Come in tutte le cose, c’è un prima e c’è un dopo. Anche per il Movimento 5 Stelle, che già sconta l’immersione nella realtà con fastidi legati alla democrazia interna, all’organizzazione, alla linea politica e -soprattutto- alla diaria. Prendi la Calabria, splendida terra dove spesso tutto si sfuma, si affetta, si ovatta, si rende impercettibile. Qui i grillini non sfuggono all’immaginario cliché e continuano a trattare con basso profilo una faccenda centrale: come ci si deve rapportare con la massoneria? 

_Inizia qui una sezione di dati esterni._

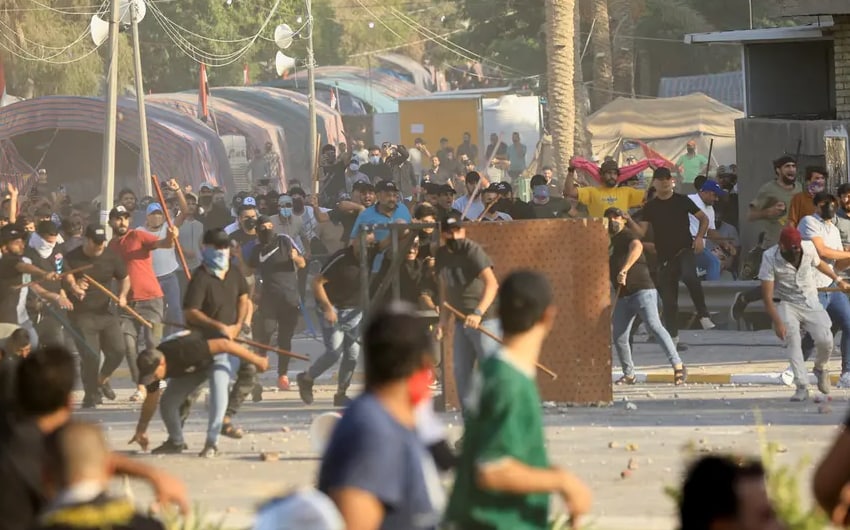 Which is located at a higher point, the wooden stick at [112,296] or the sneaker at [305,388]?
the wooden stick at [112,296]

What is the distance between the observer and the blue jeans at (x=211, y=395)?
38.1 feet

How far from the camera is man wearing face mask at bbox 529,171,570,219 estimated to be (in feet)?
60.1

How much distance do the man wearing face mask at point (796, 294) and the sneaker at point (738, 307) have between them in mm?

Della legge Lazzati, quella cioè che punisce (rectius, avrebbe dovuto punire…) il sorvegliato speciale che fa campagna elettorale e il candidato, che ne facciamo? Ora possono deciderlo, sono legislatori anche loro. E’ qui che tornano il prima e il dopo, arco temporale segnato dalle urne di febbraio.

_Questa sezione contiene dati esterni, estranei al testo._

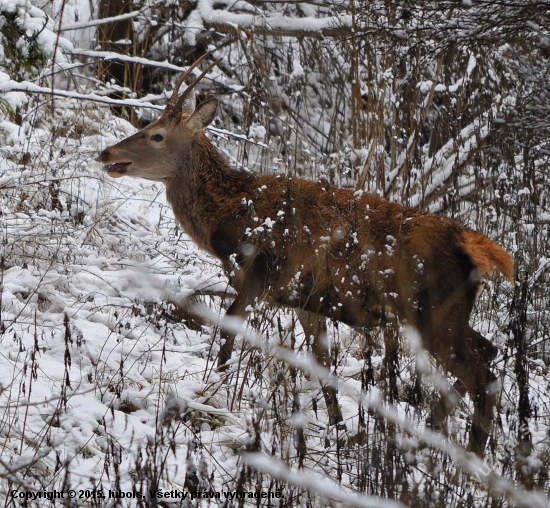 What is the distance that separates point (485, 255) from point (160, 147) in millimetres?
2932

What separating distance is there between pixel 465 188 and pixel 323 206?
3.66m

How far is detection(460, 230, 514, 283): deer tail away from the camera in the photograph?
4.88 m

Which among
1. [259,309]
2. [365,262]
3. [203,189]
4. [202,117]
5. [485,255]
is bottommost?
[259,309]

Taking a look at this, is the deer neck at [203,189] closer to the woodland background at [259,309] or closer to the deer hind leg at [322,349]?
the woodland background at [259,309]

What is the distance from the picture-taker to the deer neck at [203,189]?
239 inches

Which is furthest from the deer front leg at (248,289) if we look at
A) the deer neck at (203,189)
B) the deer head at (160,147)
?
the deer head at (160,147)

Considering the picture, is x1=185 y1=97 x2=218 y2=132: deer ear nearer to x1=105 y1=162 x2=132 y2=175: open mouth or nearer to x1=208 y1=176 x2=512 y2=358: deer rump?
x1=105 y1=162 x2=132 y2=175: open mouth

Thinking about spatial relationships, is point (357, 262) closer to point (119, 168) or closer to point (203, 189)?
point (203, 189)

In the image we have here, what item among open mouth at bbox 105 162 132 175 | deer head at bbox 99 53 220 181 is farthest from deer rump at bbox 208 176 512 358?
open mouth at bbox 105 162 132 175

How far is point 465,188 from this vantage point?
867cm

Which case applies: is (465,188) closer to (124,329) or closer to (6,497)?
(124,329)

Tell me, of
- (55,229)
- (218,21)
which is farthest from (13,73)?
(218,21)

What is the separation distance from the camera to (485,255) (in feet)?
16.1

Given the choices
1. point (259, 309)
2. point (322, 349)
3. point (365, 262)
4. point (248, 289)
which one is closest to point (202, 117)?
point (248, 289)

Prima: tutti uniti ventre a terra contro la ‘ndrangheta chiedendo che la famosa «Legge Lazzati» (dal nome di un centro studi di Lametia intitolato al giurista, che ne è stato intenso promotore) venga modificata in Parlamento restituendole l’impianto originario, in senso cioè più restrittivo rispetto al testo approvato tre anni fa, un po’ annacquato. Dopo: fermi tutti, la Lazzati è una «str…ata» come si legge nel loro infinito telematico, uno strumento obsoleto, inutile, che oggi non servirebbe. Davvero? Eppure era un cavallo di battaglia tosto prima di febbraio. E ora? Qui sta il punto, la confusione avanza e pure i tremori si avvertono. La Lazzati, nelle previsioni originarie e nonostante la brevità testuale era abbastanza rigida: punizione severa per chi rientrasse nella fattispecie del 416-ter del codice penale. Solo che ci si è accorti dopo che se la battaglia per l’inasprimento andasse in porto a farne le spese sarebbero stati quelli del movimento stesso. Lo dicono apertamente nel Meet-up della Sila, riferendosi ai soci del No Tav: tanti, tra questi, sono sorvegliati speciali, se passasse la modifica verrebbero puniti per aver fatto propaganda ai propri candidati. Insomma, materia complessa ed incandescente in mano a personale non esattamente specializzato, diciamo. 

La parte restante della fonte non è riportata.